El cristianismo sólo puede ser vivido desde esta contemplación de la gloria -de la belleza- de Dios, que confiere al cristiano la fortaleza nacesaria para vivir la cruz de Cristo: confortados con toda fortaleza por el poder de su gloria, para toda constancia en el sufrimiento y paciencia (Col 1,11). Sin este saborear el “poder de la gloria de Dios” es imposible el obrar cristiano.

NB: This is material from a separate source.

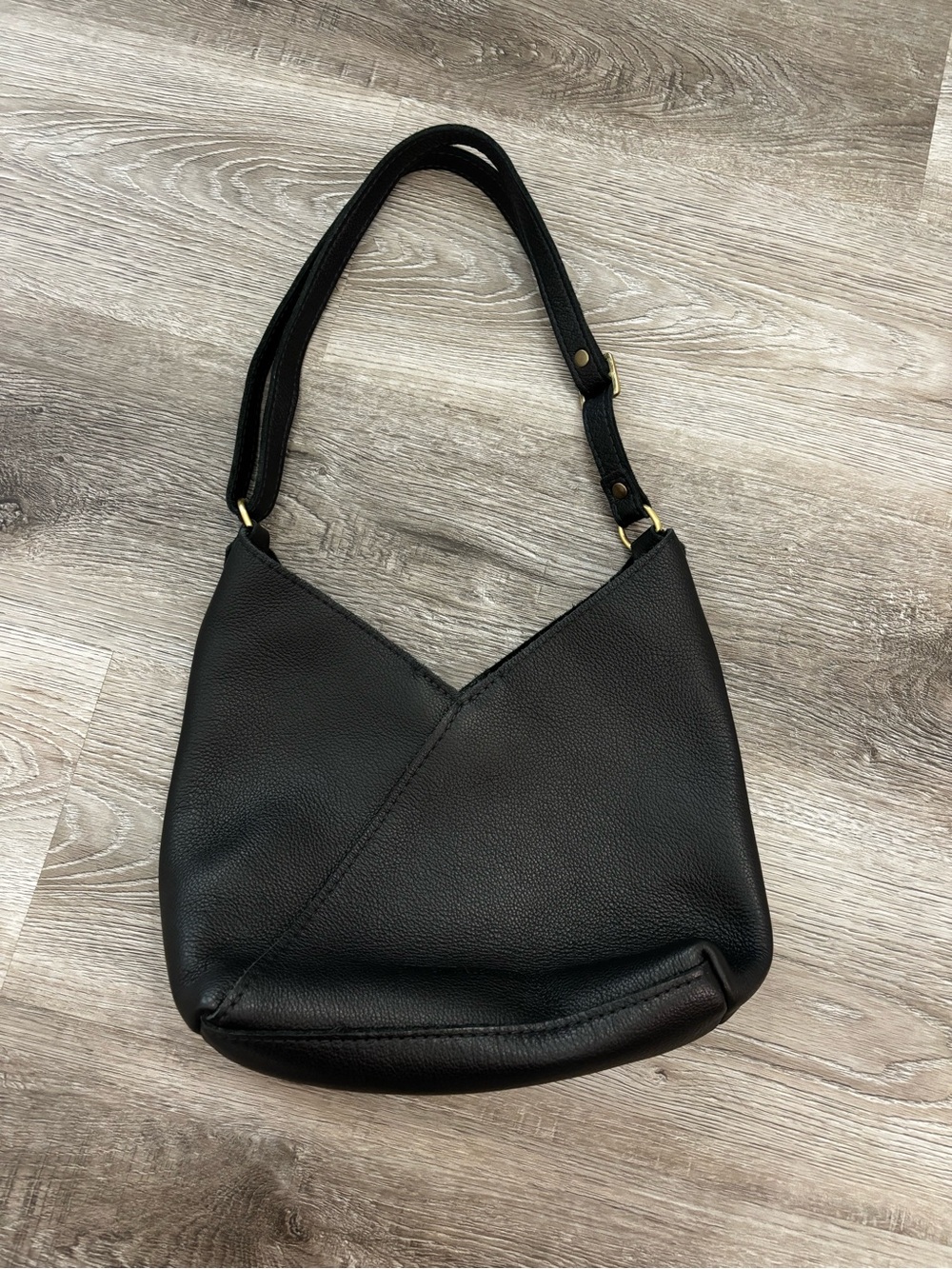 Portland Leather Classic Black Leather Shoulder Bag V cut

La contemplación de la belleza de Dios tiene que suscitar en nosotros un reconocimiento personal y público, que es, estrictamente hablando, un acto de “justicia” para con Dios. Él merece que nosotros proclamemos sus maravillas, las que ha realizado en favor nuestro. El evangelio de Lucas está repleto de hombres que, al encontrarse con Cristo, “glorifican” a Dios. Es lo que hace la liturgia de la Iglesia en la eucaristía y en el oficio divino, mediante el cual, todos los días, al amanecer y al atardecer, y en otros momentos de la jornada, va recordando las maravillas realizadas por Dios y le va alabando y dando gracias. De este modo la Iglesia cumple el consejo del apóstol: En toda ocasión presentad a Dios vuestras peticiones, mediante la oración y la súplica, acompañadas de la acción de gracias (Flp 4,6).